Additionally, the American Academy of Otolaryngology – Head and Neck Surgery (AAO-HNS) recently proposed adding anosmia to the list of COVID-19 screening tools.
The academy stated that anosmia, “in the absence of other respiratory disease,” should indicate to physicians the possibility of COVID-19.
“They are looking for any patterns at all, that they can see in the course of treating this, and that is not unusual,” Zonakis said. “It’s just an additional thing for us to be aware of.”
The evidence to support the loss of sense of smell as a possible COVID-19 symptom was anecdotal AAO-HNS stated.
Currently, the CDC lists fever, cough and shortness of breath as the most common symptoms of COVID-19.
“This is extremely important, nobody with anosmia in the last month or two needs to see a doctor,” Zonakis said. “They really don’t because they’re otherwise perfectly healthy.
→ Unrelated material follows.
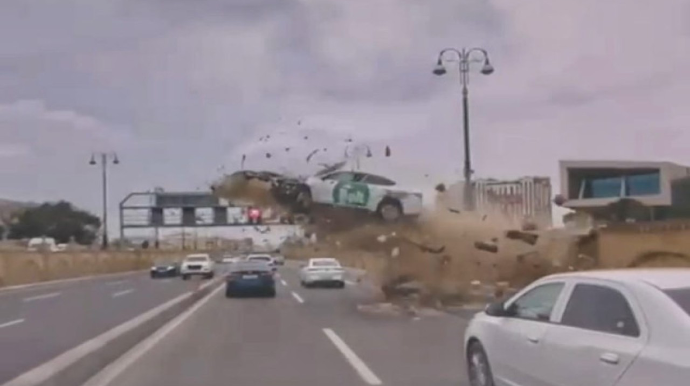 "Bir də gördüm ki, uçuram"  - Qəza törədən taksidəki qadın danışdı - VİDEO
They are presumed to be contagious and they should self-quarantine from the onset of that symptom.”
An Aspen to Parachute COVID-19 Help Hotline has been established at 970-429-6186 (English and Spanish) and can be reached seven days a week from 8 a.m. to 8 p.m.
Individuals should not go to an emergency room for COVID-19 testing unless they are having a medical emergency.
According to Garfield County Public Health, a formal diagnosis of COVID-19 will not change the priority to self-isolate if a person is experiencing manageable symptoms.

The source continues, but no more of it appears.